Quand Grotius, en 1625, publia le livre qui changea la science politique, quelle cause agitait l'Europe sur ses fondemens? la cause de la liberté religieuse. Aujourd'hui que nous sommes réunis dans cette enceinte pour inaugurer la science des législations comparées, et pour renouer avec Montesquieu, quelle cause occupe et travaille profondément l'Europe? la cause de la liberté civile. Au xvIIe siècle une lutte de trente ans fut nécessaire pour assurer aux croyances

et aux idées du xvie leur juste empire, et deux peuples restèrent à la fin maîtres du champ de bataille et les arbitres de l'Europe, un peuple du Nord et nous, les Suédois et les Français, Gustave Adolphe vainqueur après sa mort, et Richelieu. Au XIXe siècle les droits les plus sacrés et les plus positifs de l'humanité veulent être satisfaits, et les destins s'accompliront.

Serait-il vrai que de pareilles époques fussent contraires et fatales à la science, et qu'au moment où l'homme agit le plus, sa pensée doive s'arrêter et tarir dans sa course?
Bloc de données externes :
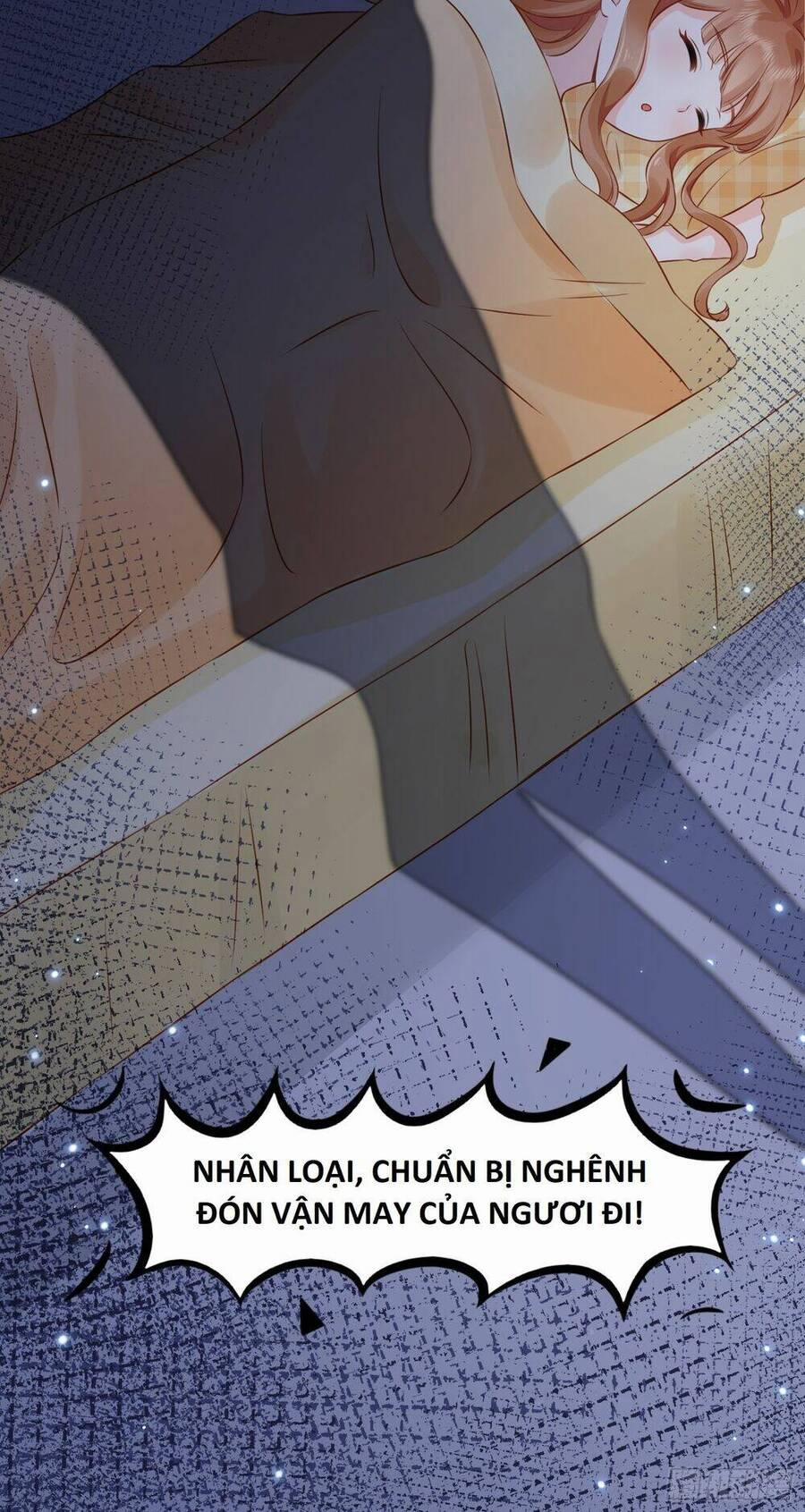 Bảo Điển Tình Yêu Của Hamster 1 trang 40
Non : les révolutions n'étouffent pas l'intelligence; elles l'agrandissent et l'exaltent; et pour ne pas sortir des sciences historiques et morales, je ne sache pas que Thucydide, Salluste, Machiavel, Jean Bodin, Thomas Hobbes, Hugo Grotius, aient vécu dans des temps de calme et de quiétude. Quand les peuples sont remués par des mouvemens intérieurs ou des agressions étrangères, leur histoire n'en devient que plus vive et plus saisissable. Pourquoi l'Orient commence-t-il à être accessible de toutes parts à l'érudition, et se rend-il pour nous peu à peu peu familier? Parce qu'il chancelle sur ses bases primitives faussement réputées immobiles, parce qu'il se détériore de plus en plus dans son originalité native, parce qu'il converge sans relâche au génie européen,

parce qu'il fut visité par Napoléon comme il le fut par Alexandre. Si la Grèce dépouille pour nous les fausses couleurs d'une rhétorique traditionnelle, son insurrection n'y a-t-elle pas aidé ? Et Rome qui finira par être libre, ne fût-ce que pour absoudre le Dieu qu'elle adore; Rome gouvernée tour à tour par Marius et César, Grégoire VII et Jules II, théâtre des Gracques et de Rienzi, du droit romain et du catholicisme, ne nous revient-elle pas mieux connue, grâce à une érudition contemporaine de ses efforts depuis quarante ans pour ressaisir sa liberté, efforts toujours malheureux et toujours renaissans? L'Allemagne, du milieu de sa réforme et de sa métaphysique, commence à s'agiter et à se tourner vers la vie politique. L'Angleterre travaille noblement à prévenir et à supprimer une révolution en innovant elle-même dans son antique légalité.

Temps excellent pour étudier l'histoire! Ce que disait un poète en chantant une catastrophe tragique peut s'appliquer aujourd'hui aux annales du monde :

Adparet domus intus, et atria longa patescunt;
Adparent priami et veterum penetralia regum

* Æneid. lib. II.

Oui, au milieu des révolutions, l'œil plonge plus avant dans l'intérieur, et, pour ainsi dire, dans la domesticité de l'histoire; et loin de voir dans les faits qui nous pressent rien qui doive décourager pour les destinées de la science, j'y découvre au contraire un indice de renaissance et de rénovation.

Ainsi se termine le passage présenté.